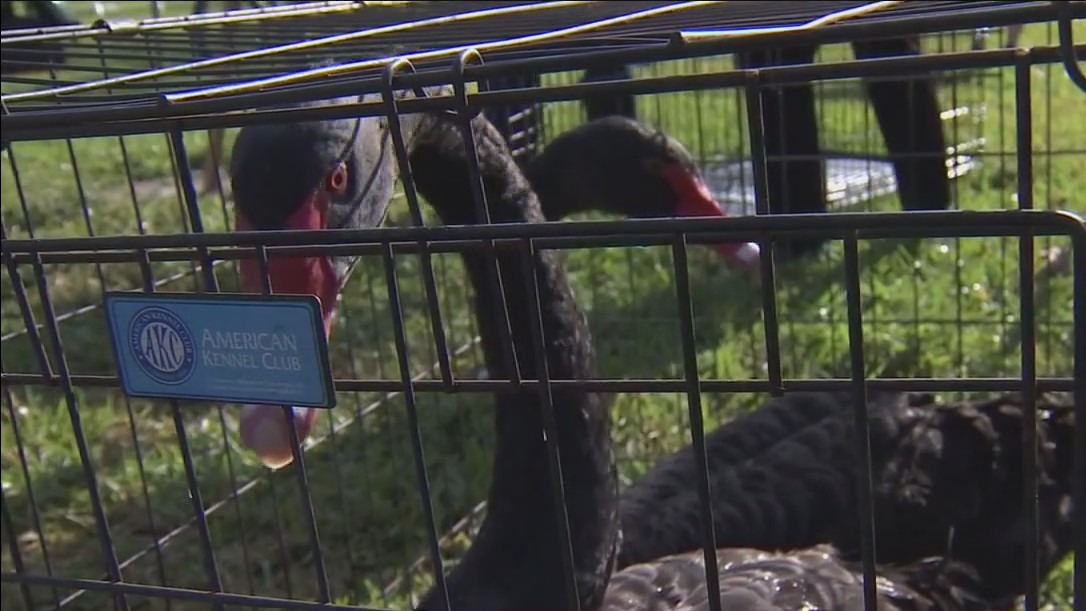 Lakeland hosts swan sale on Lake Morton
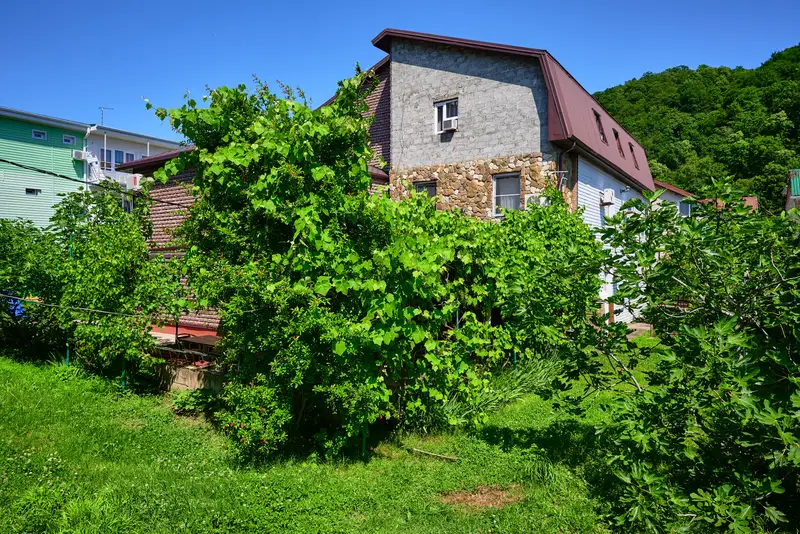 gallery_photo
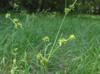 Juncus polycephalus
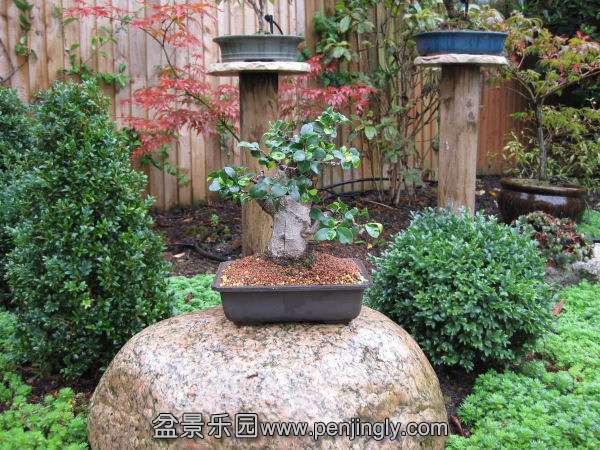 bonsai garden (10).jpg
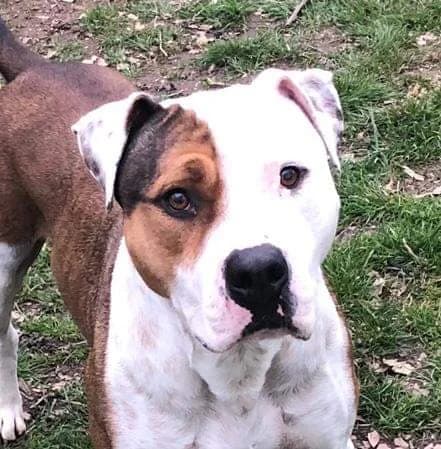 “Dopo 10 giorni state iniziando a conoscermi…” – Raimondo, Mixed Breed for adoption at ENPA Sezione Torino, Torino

----------------------------------------

Would you please repeat all the data word for word, but without the pictures?

▶ _Reply_
 Lakeland hosts swan sale on Lake Morton
 gallery_photo
 Juncus polycephalus
 bonsai garden (10).jpg
 “Dopo 10 giorni state iniziando a conoscermi…” – Raimondo, Mixed Breed for adoption at ENPA Sezione Torino, Torino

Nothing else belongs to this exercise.